Starting with the line that contains "Voici une photo du piment en question! Bye", repeat exactly every line through the last one in the records below, and leave out the pictures.

(Material for this task begins)

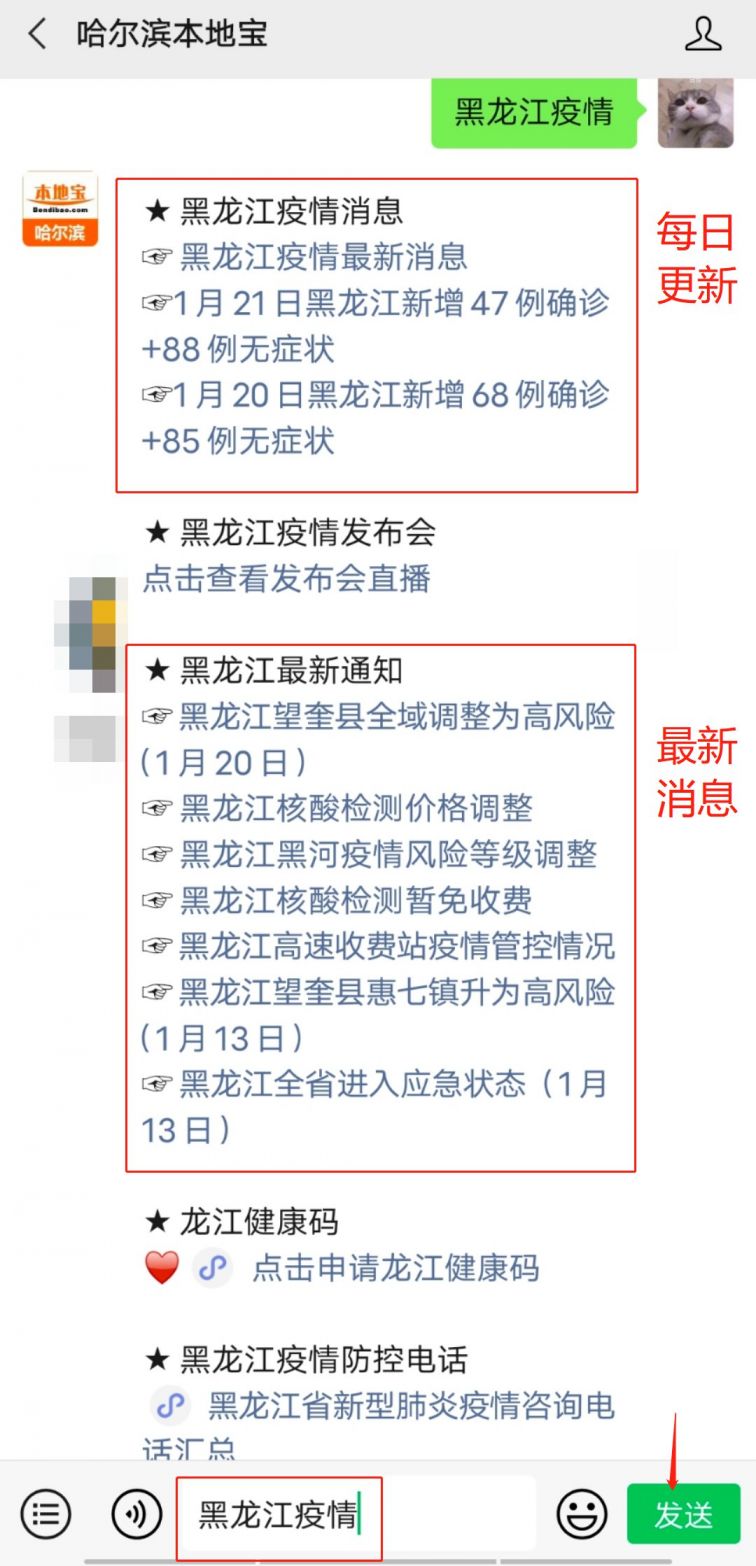 黑龙江省疫情实时更新，最新动态、防控措施与市民应对指南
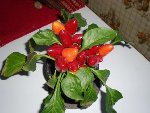 Voici une photo du piment en question! Bye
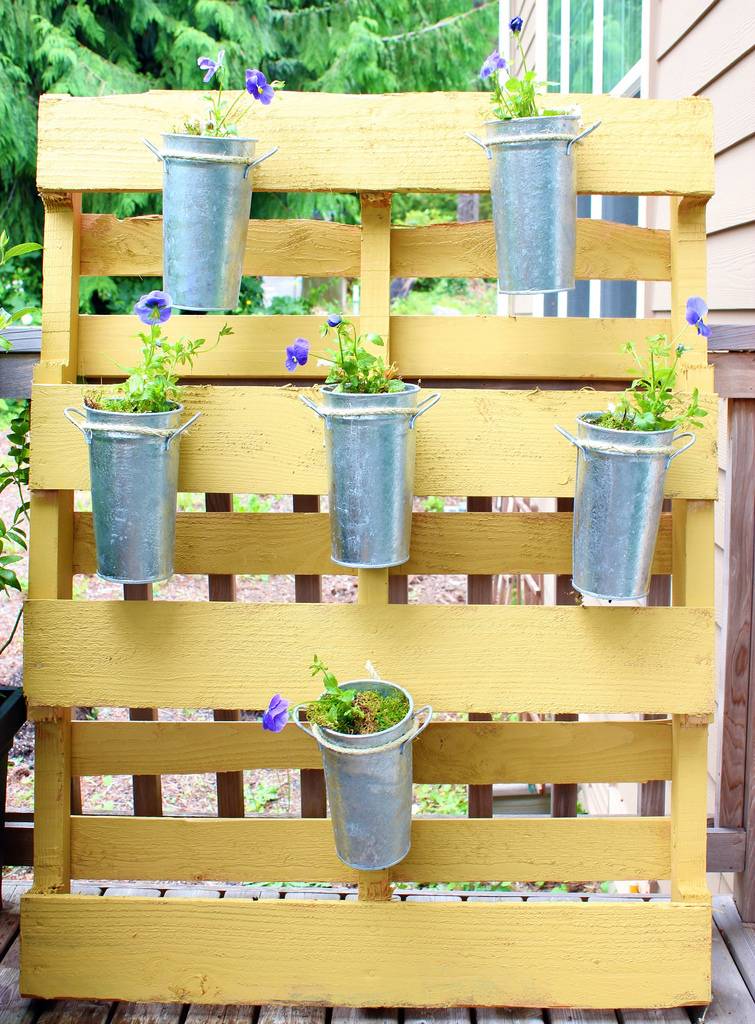 Your First Pallet Garden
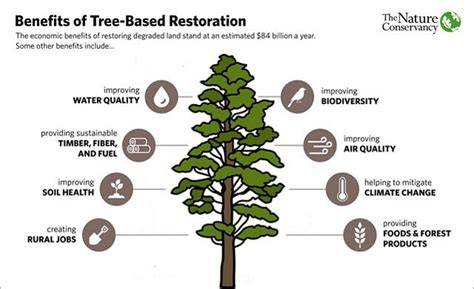 How Restoring Degraded Forests Affects Temperature and … - raincitystudios.com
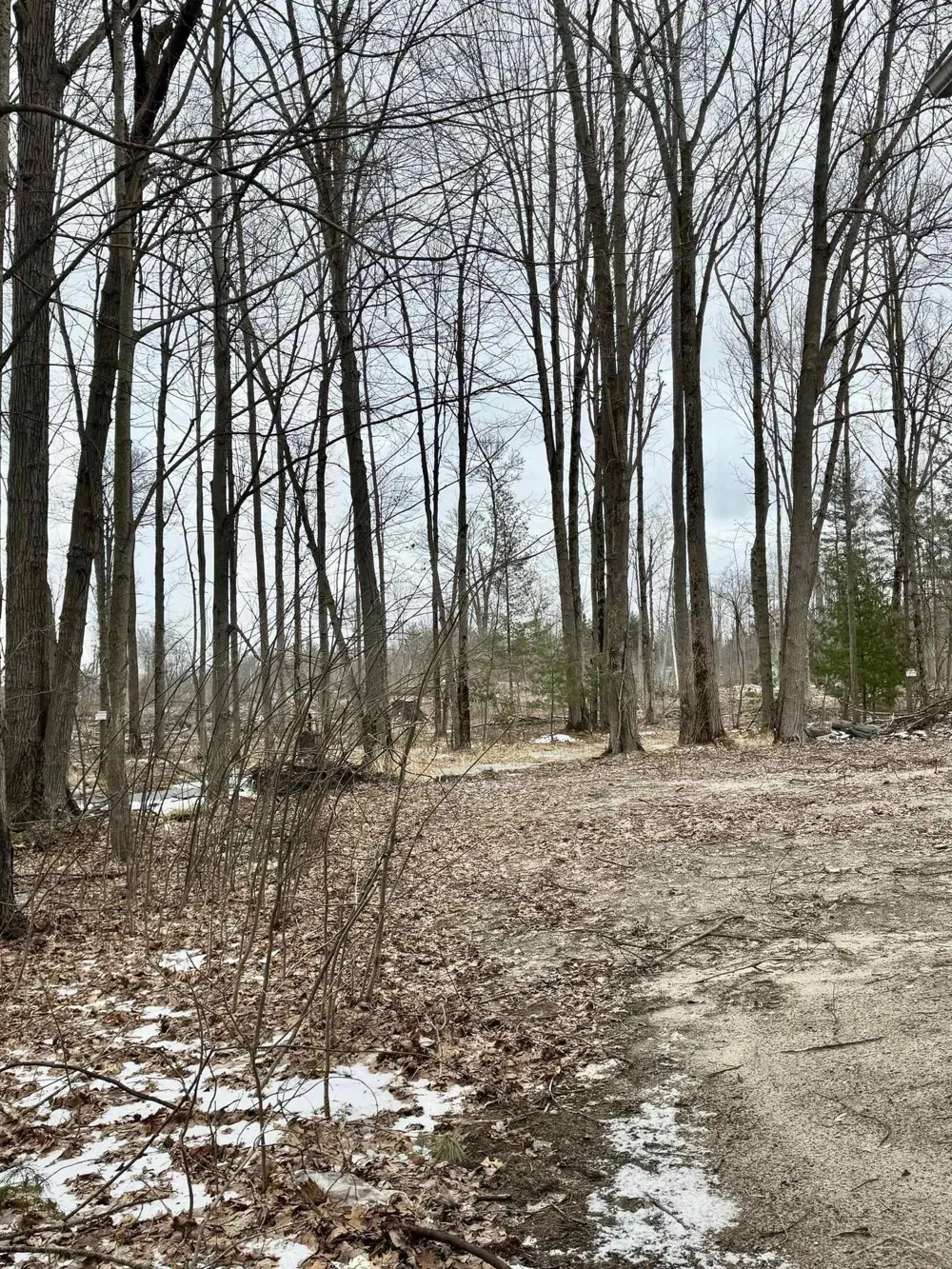 219 S Nine Mile Road Lee Township, MI 48640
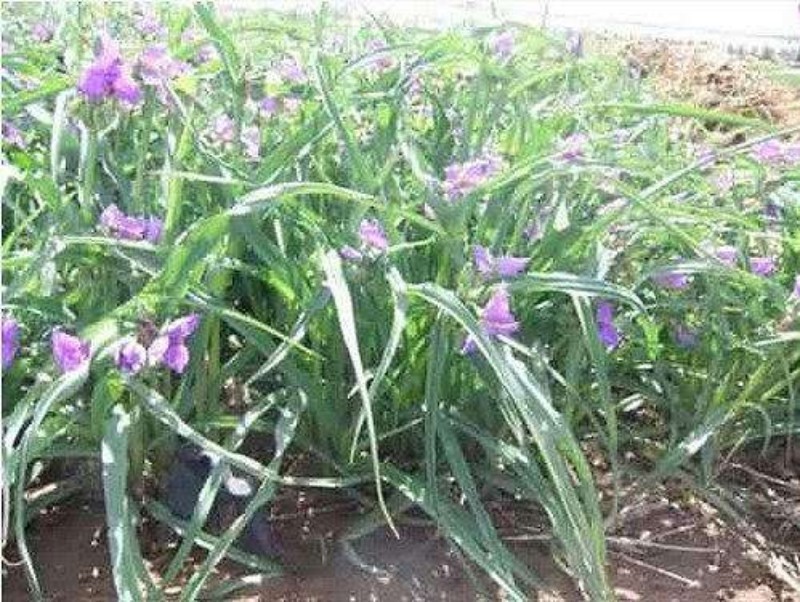紫露草自产自销。青州紫露草80万低价处理
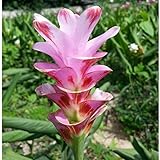 国華園　春植え球根 クルクマ ルビーピンク 3球【※発送が国華園からの場合のみ正規品です】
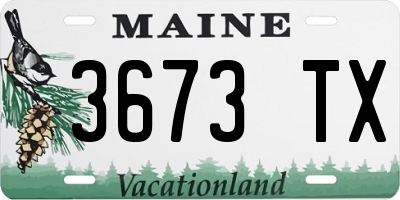 ME license plate 3673TX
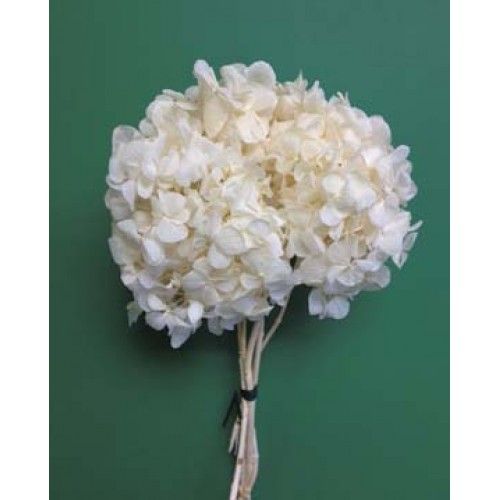 Hydrangeas - 10gms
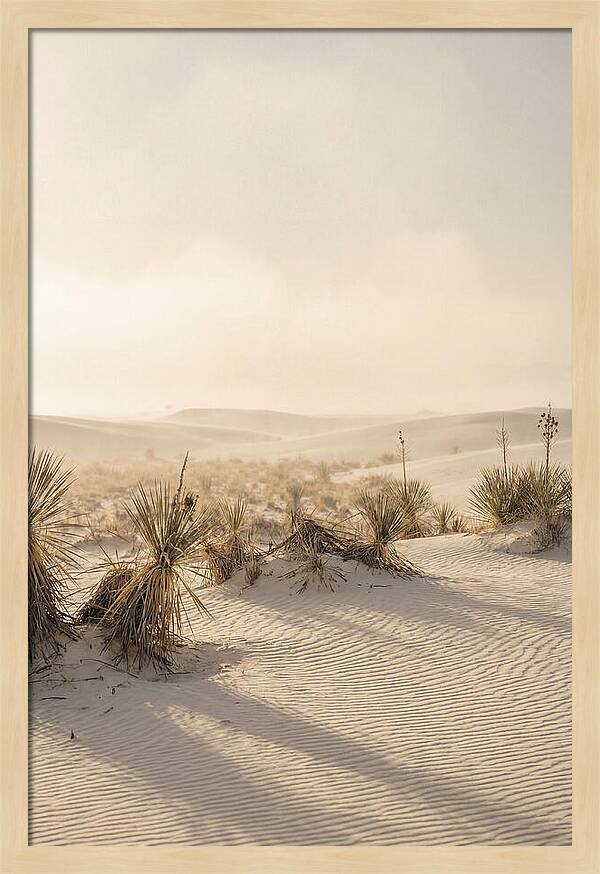 Sunset Serenity At White Sands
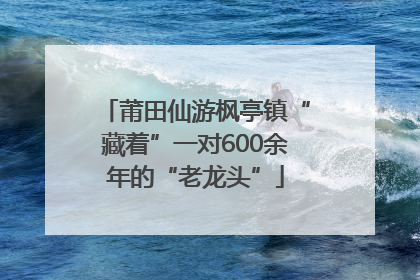 莆田仙游枫亭镇“藏着”一对600余年的“老龙头”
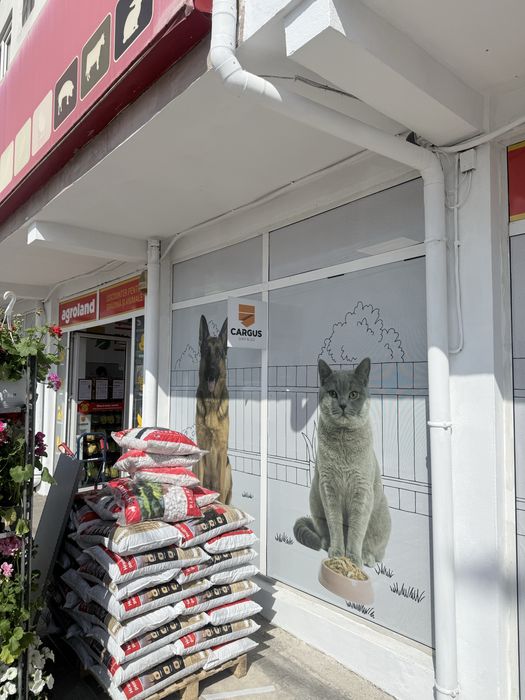 Inscriptionare auto vitrine geamuri materiale publicitare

(Material for this task ends)

Written response:
 Voici une photo du piment en question! Bye
 Your First Pallet Garden
 How Restoring Degraded Forests Affects Temperature and … - raincitystudios.com
 219 S Nine Mile Road Lee Township, MI 48640
紫露草自产自销。青州紫露草80万低价处理
 国華園　春植え球根 クルクマ ルビーピンク 3球【※発送が国華園からの場合のみ正規品です】
 ME license plate 3673TX
 Hydrangeas - 10gms
 Sunset Serenity At White Sands
 莆田仙游枫亭镇“藏着”一对600余年的“老龙头”
 Inscriptionare auto vitrine geamuri materiale publicitare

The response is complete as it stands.